■ **Requirement**: Leave out the pictures, and quote exactly the lines running from the one with "So the list" through the last line of the entries below.
**********
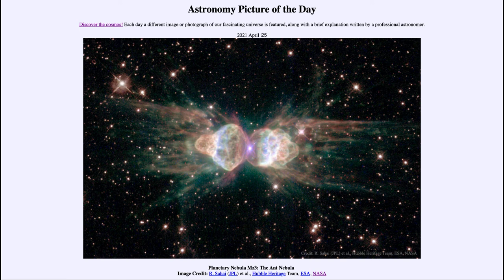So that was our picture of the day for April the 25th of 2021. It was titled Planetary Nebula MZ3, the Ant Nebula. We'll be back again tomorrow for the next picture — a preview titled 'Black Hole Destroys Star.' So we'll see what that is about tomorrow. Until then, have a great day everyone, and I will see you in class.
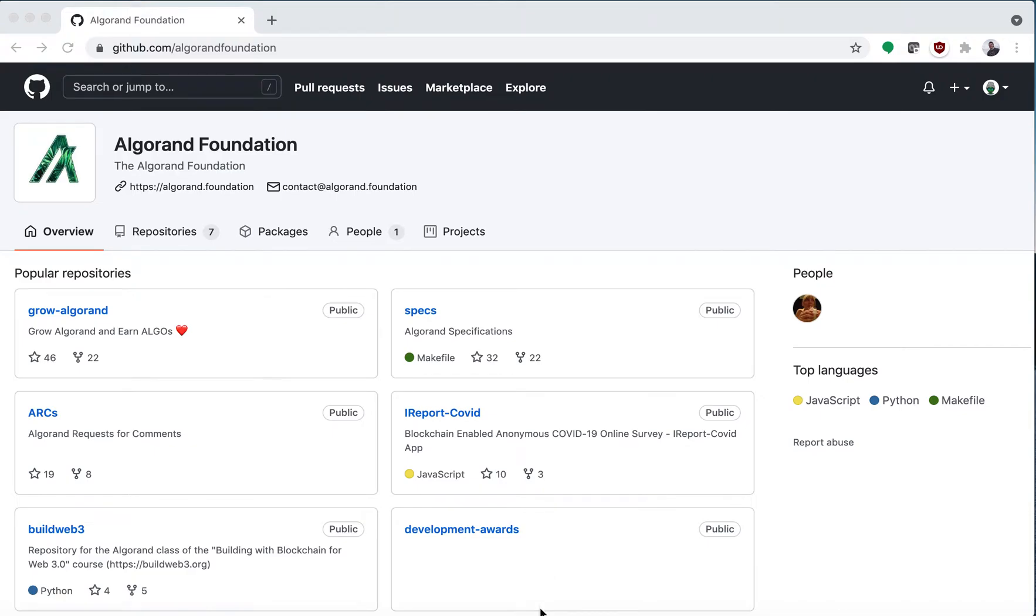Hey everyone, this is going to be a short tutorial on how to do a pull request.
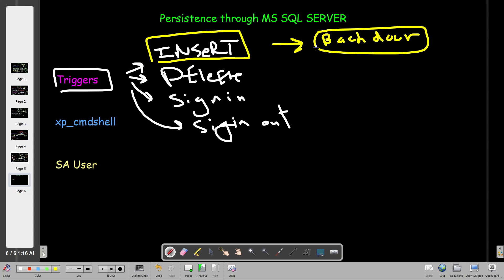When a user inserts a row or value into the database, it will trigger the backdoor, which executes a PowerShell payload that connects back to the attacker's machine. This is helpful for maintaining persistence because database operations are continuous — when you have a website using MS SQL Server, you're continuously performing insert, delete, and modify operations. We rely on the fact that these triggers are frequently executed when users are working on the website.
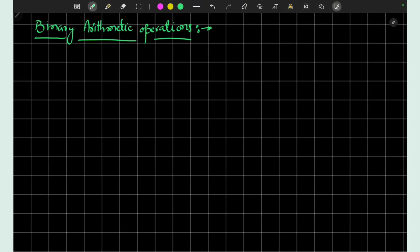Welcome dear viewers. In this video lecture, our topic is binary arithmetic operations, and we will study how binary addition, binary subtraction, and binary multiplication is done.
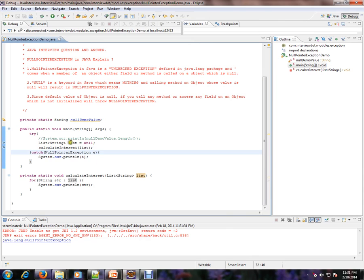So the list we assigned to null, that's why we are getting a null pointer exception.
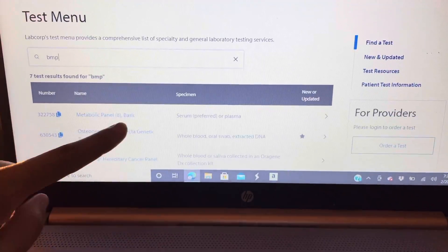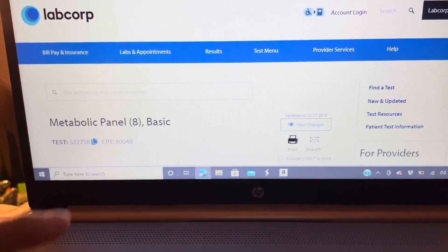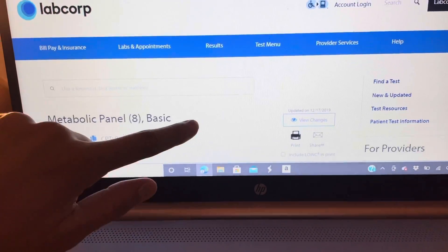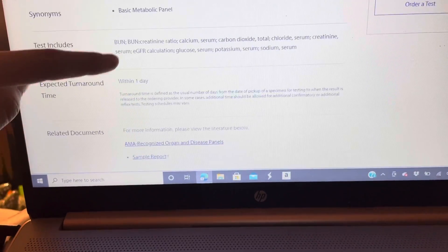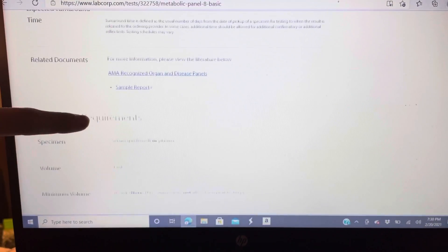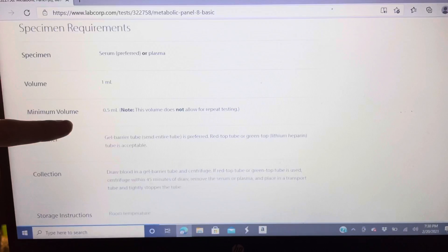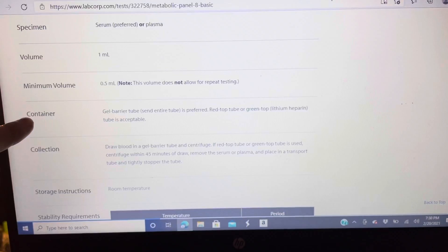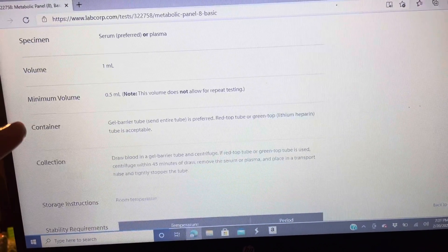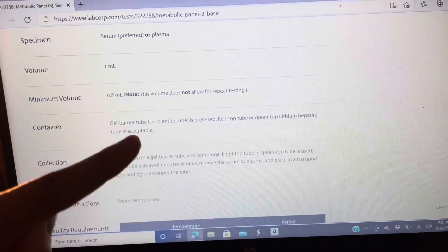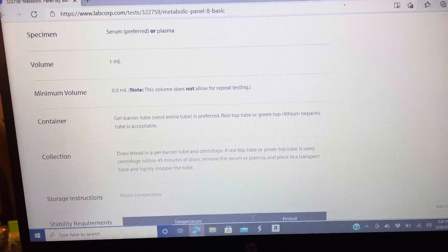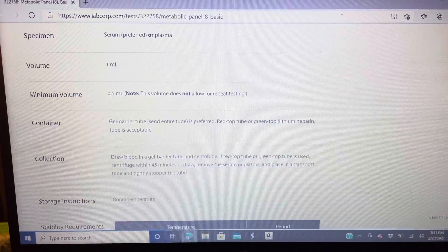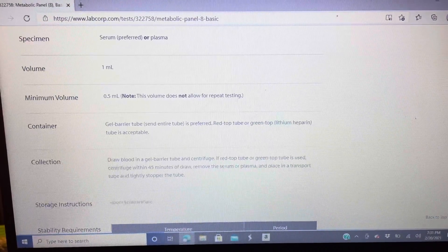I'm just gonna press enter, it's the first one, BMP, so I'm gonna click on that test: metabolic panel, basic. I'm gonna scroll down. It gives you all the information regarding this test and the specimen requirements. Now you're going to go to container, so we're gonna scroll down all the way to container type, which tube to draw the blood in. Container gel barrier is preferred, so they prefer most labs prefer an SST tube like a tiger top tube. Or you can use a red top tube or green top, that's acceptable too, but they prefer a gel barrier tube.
**********
■ **Result of this exercise**:
So the list we assigned to null, that's why we are getting a null pointer exception.
I'm just gonna press enter, it's the first one, BMP, so I'm gonna click on that test: metabolic panel, basic. I'm gonna scroll down. It gives you all the information regarding this test and the specimen requirements. Now you're going to go to container, so we're gonna scroll down all the way to container type, which tube to draw the blood in. Container gel barrier is preferred, so they prefer most labs prefer an SST tube like a tiger top tube. Or you can use a red top tube or green top, that's acceptable too, but they prefer a gel barrier tube.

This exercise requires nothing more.